'''

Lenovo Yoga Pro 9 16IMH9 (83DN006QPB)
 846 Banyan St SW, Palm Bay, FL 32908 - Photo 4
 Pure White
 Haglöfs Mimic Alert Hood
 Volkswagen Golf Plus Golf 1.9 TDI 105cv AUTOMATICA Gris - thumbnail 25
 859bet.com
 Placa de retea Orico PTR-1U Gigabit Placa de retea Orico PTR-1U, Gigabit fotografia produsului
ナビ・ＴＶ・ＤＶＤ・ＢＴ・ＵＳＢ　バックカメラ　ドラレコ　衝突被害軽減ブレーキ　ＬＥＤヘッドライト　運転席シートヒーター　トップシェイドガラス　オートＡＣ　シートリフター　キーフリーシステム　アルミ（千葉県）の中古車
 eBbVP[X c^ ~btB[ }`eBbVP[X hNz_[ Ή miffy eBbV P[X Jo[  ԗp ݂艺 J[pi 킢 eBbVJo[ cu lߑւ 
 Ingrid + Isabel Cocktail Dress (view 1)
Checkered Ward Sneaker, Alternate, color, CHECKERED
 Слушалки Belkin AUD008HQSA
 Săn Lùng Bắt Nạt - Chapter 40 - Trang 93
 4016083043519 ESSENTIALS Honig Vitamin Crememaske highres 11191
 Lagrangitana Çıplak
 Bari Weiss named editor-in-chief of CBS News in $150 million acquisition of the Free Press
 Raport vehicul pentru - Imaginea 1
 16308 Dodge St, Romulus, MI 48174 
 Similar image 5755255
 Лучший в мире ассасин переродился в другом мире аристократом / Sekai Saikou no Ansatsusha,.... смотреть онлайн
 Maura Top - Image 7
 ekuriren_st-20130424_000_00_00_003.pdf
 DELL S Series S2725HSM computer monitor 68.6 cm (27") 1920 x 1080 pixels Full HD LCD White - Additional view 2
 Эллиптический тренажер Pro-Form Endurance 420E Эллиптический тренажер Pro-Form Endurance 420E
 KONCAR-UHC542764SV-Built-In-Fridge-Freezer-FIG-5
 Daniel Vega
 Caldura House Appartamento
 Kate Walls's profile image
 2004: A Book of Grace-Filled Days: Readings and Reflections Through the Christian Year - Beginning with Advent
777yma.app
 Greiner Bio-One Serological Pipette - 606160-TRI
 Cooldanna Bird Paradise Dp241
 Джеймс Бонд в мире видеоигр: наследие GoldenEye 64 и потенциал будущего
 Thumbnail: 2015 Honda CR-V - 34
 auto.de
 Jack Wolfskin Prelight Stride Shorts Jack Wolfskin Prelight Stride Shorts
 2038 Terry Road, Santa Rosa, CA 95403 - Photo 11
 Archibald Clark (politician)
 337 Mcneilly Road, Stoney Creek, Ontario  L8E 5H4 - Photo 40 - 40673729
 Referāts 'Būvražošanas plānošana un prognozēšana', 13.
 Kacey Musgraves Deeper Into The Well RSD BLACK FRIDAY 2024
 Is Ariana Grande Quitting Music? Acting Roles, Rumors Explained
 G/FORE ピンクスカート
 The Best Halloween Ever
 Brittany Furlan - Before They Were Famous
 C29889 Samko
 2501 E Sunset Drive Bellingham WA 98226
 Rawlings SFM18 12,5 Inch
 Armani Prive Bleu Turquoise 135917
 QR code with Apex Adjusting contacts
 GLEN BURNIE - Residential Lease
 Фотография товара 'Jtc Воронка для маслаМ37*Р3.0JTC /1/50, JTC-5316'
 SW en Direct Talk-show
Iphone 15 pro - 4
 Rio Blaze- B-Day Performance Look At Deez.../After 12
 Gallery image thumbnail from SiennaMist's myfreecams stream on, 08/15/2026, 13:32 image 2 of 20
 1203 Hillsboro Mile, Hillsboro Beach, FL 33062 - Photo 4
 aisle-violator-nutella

'''

### Task objective
The word "White" appears in some lines above. Return every one of those lines.

### Response to the task
 Pure White
 DELL S Series S2725HSM computer monitor 68.6 cm (27") 1920 x 1080 pixels Full HD LCD White - Additional view 2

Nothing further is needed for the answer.